[Web page caption snippets]
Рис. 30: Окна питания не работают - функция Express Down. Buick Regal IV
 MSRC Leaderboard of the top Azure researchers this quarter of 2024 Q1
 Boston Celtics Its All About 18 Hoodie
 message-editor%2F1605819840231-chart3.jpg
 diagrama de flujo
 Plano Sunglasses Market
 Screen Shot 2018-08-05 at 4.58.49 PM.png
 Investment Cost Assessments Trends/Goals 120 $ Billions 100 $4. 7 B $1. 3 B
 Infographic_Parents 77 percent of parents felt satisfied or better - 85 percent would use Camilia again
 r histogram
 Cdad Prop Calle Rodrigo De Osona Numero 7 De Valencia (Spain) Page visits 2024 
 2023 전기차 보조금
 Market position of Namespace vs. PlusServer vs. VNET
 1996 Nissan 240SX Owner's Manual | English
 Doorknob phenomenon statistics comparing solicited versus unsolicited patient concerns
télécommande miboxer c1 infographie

**What you are asked to do**
Each line above needs to be returned exactly as it is.

**Solution**
Рис. 30: Окна питания не работают - функция Express Down. Buick Regal IV
 MSRC Leaderboard of the top Azure researchers this quarter of 2024 Q1
 Boston Celtics Its All About 18 Hoodie
 message-editor%2F1605819840231-chart3.jpg
 diagrama de flujo
 Plano Sunglasses Market
 Screen Shot 2018-08-05 at 4.58.49 PM.png
 Investment Cost Assessments Trends/Goals 120 $ Billions 100 $4. 7 B $1. 3 B
 Infographic_Parents 77 percent of parents felt satisfied or better - 85 percent would use Camilia again
 r histogram
 Cdad Prop Calle Rodrigo De Osona Numero 7 De Valencia (Spain) Page visits 2024 
 2023 전기차 보조금
 Market position of Namespace vs. PlusServer vs. VNET
 1996 Nissan 240SX Owner's Manual | English
 Doorknob phenomenon statistics comparing solicited versus unsolicited patient concerns
télécommande miboxer c1 infographie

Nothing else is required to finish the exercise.